Over the intervening 150 years, wages have escalated, while everything individuals spend money and the personal debt they carry have skyrocketed. An employee today gets at least $14 every hour, while Muskoka’s skilled trade workers pull in multiples thereof.
What has not changed is that good workers are still difficult for Muskoka employers to find. New hires fail to show up; substance abuse curtails performance of a rising number holding good jobs; others have a preferential dependency on poggie; and employees leave to set up sub-contracting operations, from roofing to carpet installation, with decidedly mixed results. These developments, along with matters of training, productivity, and remuneration, are engaging Muskoka’s employers, unions, apprenticeship and training instructors, entry-level and retraining workers, and a swatch of government representatives.

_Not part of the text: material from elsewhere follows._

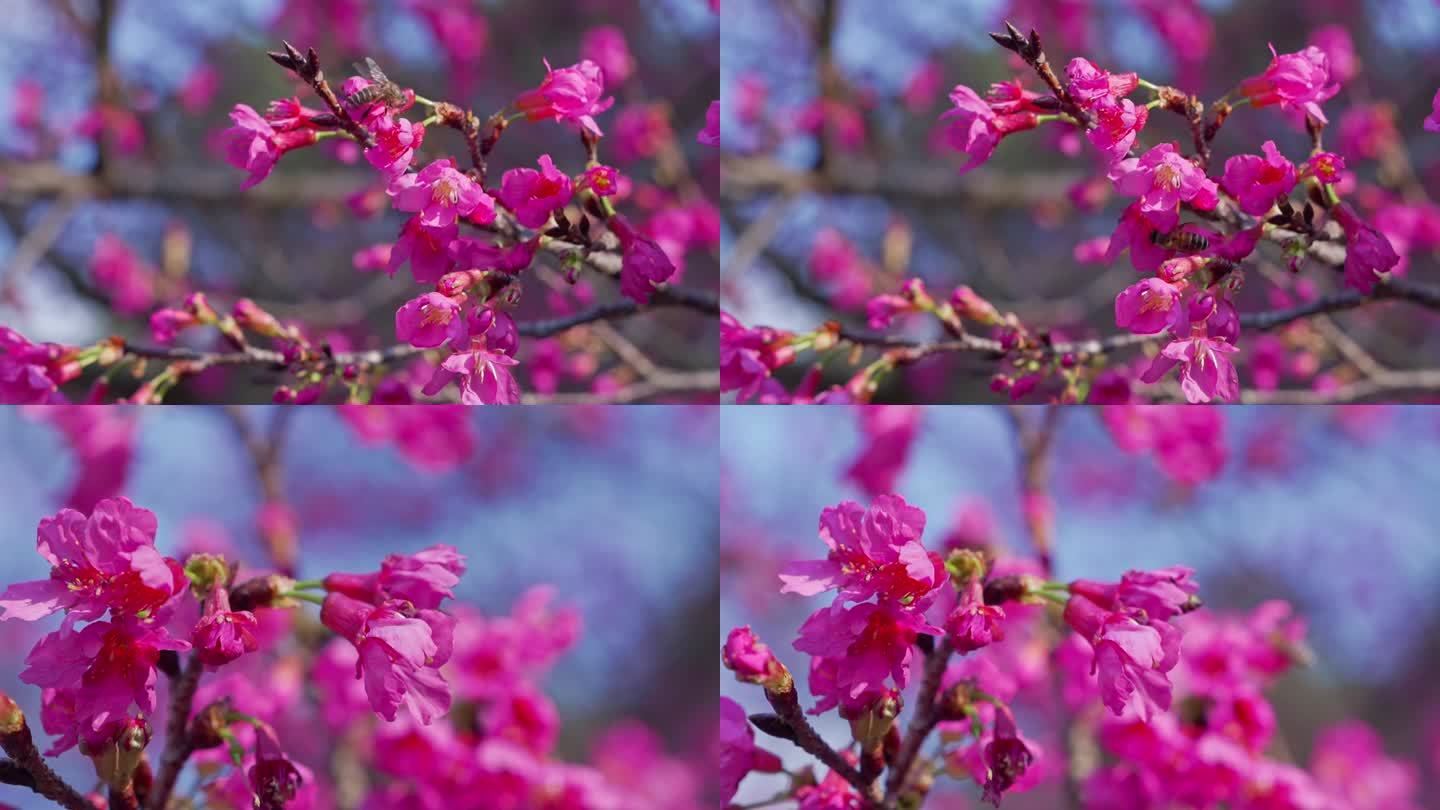 石门公园樱花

A specific challenge concerns trades vanishing due to changing technology. Last month CBC Radio carried a story about the last shop still repairing manual typewriters closing its door for good. Bracebridge cobbler Brian Shelly skilfully sews leather shoes and boots, but knows he’s a vanished breed of artisan. “There are about twenty profitable shoe repair stores in Ontario up for sale by retiring owners,” he told me, “but no buyers, because nobody now can operate these specialized sewing machines.” When Liz Rice was publisher of the Forester, she and I traded jokes about “the last living linotype operator in North America.”

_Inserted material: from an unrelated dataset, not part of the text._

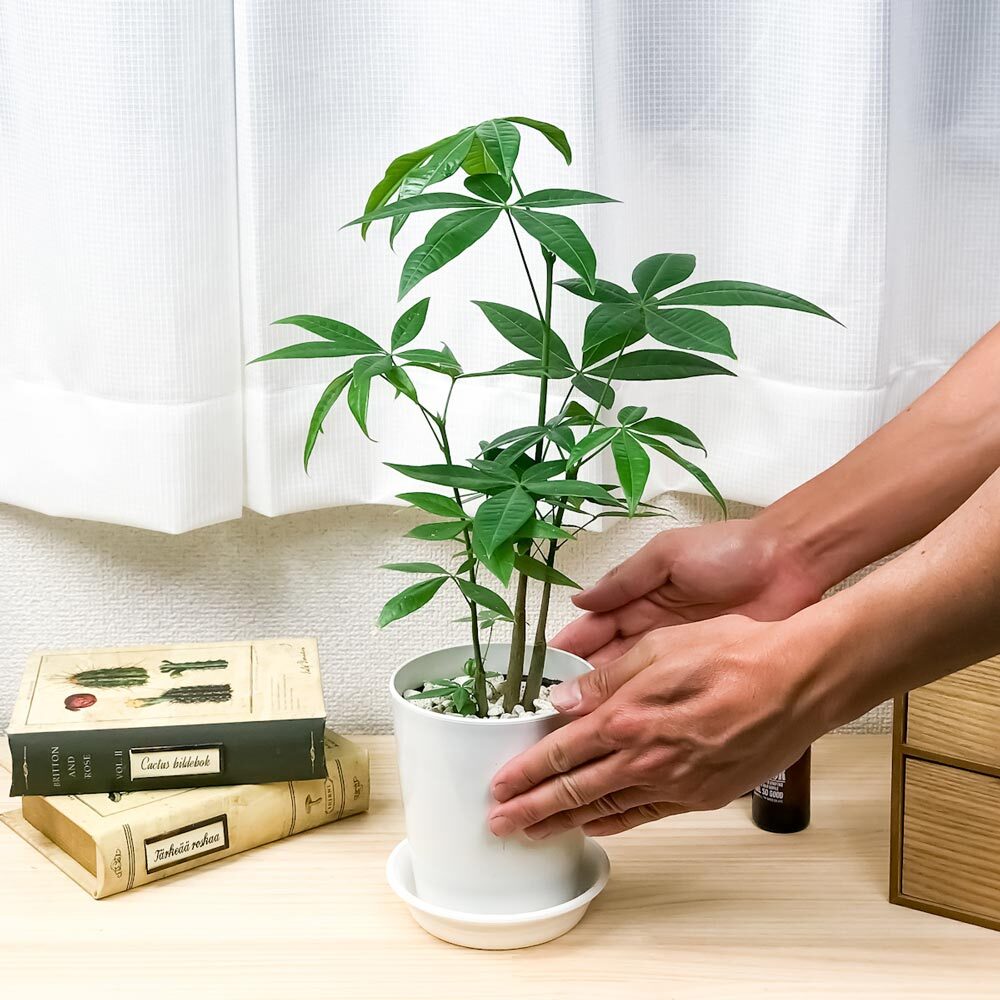 PLANCHU 観葉植物 パキラ ストレート 実生株 4号鉢 受け皿付き 育て方説明書付き Pachira glabra 発財樹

Our families had been printing newspapers for generations, back to the era of hand-set wooden and metal type. A linotype machine revolutionized typesetting. When I was operating one by age 14, my grandfather assured me I’d always have a trade to fall back on in life. Since then the graphic arts have undergone two complete revolutions, first “cold type” printing, then digital. The only use left for my cherished skills in hot-metal typesetting is explaining to folks how one of the world’s most ingenious machines once worked.
What if you were operating steamship RMS Segwun which anchors Muskoka tourism and generates a battalion of local jobs? For two decades John Miller, president of Muskoka Steamships at Gravenhurst, has sought steam engineers for Segwun’s roster, without success, his main discovery being that New Zealanders operating steamer Earnslaw are, well, in the same boat.
This is our challenge of sustainable heritage. The steam era was overtaken by electric motors, diesel engines, and jet propulsion. Advent of these alternate technologies first displaced skilled workers. Then, within a generation or so, high-paying specialized tasks languish because there’s nobody left to perform them.
Anyone wanting a steam engineer’s “ticket” – the government certificate that one is qualified to operate steam engines – should apply while the skills can still be passed on, for everything old is new again, and in Muskoka “competent hands can secure good wages.”